BEGIN
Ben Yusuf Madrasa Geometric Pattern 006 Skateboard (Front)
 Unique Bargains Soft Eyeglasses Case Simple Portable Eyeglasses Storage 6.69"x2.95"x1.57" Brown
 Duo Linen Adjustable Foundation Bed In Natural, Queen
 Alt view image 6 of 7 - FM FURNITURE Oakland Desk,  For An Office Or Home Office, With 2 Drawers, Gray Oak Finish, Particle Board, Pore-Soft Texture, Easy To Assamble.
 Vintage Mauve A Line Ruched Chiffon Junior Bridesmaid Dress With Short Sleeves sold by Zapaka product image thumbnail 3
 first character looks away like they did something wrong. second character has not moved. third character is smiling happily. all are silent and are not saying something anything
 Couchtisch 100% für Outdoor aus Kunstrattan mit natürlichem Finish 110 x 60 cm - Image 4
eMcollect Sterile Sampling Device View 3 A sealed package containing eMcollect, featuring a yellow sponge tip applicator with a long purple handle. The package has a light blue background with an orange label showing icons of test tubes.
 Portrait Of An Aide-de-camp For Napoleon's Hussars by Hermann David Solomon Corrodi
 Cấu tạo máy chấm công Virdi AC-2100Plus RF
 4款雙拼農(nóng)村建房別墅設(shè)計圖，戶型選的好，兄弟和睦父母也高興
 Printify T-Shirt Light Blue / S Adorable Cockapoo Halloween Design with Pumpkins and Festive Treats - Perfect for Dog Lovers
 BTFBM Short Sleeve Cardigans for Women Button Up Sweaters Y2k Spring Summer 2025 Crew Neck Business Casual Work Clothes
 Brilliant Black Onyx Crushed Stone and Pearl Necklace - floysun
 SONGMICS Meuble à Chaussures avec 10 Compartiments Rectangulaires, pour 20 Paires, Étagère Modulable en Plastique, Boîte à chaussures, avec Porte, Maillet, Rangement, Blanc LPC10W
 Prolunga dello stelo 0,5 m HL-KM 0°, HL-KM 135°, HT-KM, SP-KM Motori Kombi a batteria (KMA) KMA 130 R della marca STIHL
END
(About this task):
Pull every line containing the string "Finish" out of the data above and copy it.

(Completed exercise):
 Alt view image 6 of 7 - FM FURNITURE Oakland Desk,  For An Office Or Home Office, With 2 Drawers, Gray Oak Finish, Particle Board, Pore-Soft Texture, Easy To Assamble.
 Couchtisch 100% für Outdoor aus Kunstrattan mit natürlichem Finish 110 x 60 cm - Image 4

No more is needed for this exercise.